Students will journey with Gary the Grass Shrimp to meet his friends that live in the Chesapeake Bay. Children will learn about animal adaptations, what animals need to survive, and animal communities using animals as a the way to get them there. You may custom design your field trip with one of these five activities:
Seining: Students will journey with Gary to explore the types of creatures that live in the nearshore zone of the Bay. They will then help gather fish and invertebrates from a seine net and sort them based on their adaptations for moving (swimming, hopping, crawling, floating, and sitting). Students will then count their organisms and discuss what they found.
Blue Crabs: We’ll journey with Gary to meet another invertebrate that is similar but not exactly like Gary himself. They will learn the parts of a blue crab, relate our five sense to a blue crab’s five senses, and learn the life cycle of a blue crab to see how baby crabs are alike but not exactly like their parents. They will then meet a live blue crab and compare it to mud crabs (smaller crabs) that live in the Bay. Students will get to handle the mud crabs and afterwards play a relay game.

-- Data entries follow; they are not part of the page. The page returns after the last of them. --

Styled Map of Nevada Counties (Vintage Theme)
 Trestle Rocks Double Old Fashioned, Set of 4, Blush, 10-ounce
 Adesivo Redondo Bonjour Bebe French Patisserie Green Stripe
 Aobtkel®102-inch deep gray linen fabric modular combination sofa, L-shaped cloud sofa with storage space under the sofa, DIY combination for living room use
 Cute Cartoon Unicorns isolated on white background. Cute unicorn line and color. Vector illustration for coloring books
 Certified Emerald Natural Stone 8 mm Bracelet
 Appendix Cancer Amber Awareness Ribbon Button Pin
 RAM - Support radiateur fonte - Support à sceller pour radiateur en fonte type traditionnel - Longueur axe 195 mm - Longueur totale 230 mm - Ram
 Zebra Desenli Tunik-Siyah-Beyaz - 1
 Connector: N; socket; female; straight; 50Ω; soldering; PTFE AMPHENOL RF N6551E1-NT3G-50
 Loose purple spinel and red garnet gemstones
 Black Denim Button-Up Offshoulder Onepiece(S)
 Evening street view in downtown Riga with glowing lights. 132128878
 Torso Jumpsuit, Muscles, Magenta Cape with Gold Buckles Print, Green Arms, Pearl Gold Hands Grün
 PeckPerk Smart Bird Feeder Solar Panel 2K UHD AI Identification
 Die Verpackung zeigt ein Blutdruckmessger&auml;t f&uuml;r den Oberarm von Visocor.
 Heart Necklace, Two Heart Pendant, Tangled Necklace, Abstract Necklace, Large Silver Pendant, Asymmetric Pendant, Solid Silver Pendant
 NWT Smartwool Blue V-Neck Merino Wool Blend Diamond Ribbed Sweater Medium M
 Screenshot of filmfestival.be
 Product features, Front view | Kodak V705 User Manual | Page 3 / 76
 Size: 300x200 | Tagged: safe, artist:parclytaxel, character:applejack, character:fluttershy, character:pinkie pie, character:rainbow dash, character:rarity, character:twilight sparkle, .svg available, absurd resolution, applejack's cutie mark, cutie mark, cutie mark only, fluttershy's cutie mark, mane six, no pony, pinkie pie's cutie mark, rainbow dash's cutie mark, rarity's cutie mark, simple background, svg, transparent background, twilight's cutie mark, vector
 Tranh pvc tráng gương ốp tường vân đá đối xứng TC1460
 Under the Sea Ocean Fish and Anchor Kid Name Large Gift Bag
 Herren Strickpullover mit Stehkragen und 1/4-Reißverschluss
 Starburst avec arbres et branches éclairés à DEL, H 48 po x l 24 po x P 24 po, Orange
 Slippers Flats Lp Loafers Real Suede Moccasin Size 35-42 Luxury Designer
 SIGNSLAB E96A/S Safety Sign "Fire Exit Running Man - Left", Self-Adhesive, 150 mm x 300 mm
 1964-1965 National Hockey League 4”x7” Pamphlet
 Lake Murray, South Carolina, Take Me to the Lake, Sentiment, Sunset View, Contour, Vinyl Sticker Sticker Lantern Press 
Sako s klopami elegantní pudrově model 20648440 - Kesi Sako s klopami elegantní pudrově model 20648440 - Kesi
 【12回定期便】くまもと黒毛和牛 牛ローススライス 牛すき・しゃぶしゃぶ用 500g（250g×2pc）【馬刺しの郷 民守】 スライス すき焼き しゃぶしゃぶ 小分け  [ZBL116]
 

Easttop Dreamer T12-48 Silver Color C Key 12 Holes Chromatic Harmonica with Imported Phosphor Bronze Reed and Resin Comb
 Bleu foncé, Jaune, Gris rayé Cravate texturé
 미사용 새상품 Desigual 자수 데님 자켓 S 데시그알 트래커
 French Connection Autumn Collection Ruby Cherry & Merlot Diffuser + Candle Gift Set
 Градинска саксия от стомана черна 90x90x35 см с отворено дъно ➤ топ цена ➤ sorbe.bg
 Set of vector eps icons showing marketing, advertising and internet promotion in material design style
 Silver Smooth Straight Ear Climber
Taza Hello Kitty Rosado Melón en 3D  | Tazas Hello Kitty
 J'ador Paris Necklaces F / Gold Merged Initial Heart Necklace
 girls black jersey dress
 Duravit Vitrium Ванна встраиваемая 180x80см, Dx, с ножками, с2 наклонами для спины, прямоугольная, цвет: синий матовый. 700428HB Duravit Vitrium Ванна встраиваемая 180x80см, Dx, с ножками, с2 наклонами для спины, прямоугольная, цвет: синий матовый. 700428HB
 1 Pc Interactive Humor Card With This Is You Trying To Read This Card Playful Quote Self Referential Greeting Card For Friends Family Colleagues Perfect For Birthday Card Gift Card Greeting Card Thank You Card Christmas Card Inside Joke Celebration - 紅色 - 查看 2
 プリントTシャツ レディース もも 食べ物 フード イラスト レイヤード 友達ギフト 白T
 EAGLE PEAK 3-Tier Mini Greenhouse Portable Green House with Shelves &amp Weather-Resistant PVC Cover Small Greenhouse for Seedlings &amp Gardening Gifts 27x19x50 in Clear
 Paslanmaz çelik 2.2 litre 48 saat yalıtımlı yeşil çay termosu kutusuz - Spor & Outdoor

Terrapins: In this station Gary will learn about the difference between land and water turtles, and specifically about the Chesapeake Bay’s unique resident, the diamondback terrapin. You’ll visit with a live terrapin and learn about his adaptations for living in the Bay. After that you’ll go with Gary on a turtle shell scavenger hunt along one of our trails.
Sharks: Gary visits with his shark friends to learn more about the types of sharks that live in the Bay. Students will help Gary figure out how big the sharks really are by learning about some of the commons sharks in the Bay. We’ll discover what sharks eat by doing a mock necropsy too. Everyone will get to learn what shark skin feels like, see shark teeth and jaws, and even see a preserved shark.
Oysters: Here we’ll travel with Gary to meet his relatives Ginny and Gus Grass Shrimp that live on an oyster reef. He will explore the different types of creatures that rely on oysters (live oysters as well as their shells). Students will sort through a basket of oyster shells looking for fish and invertebrates that colonize a model reef. Children will sort and count their creatures and then try to explain what they found.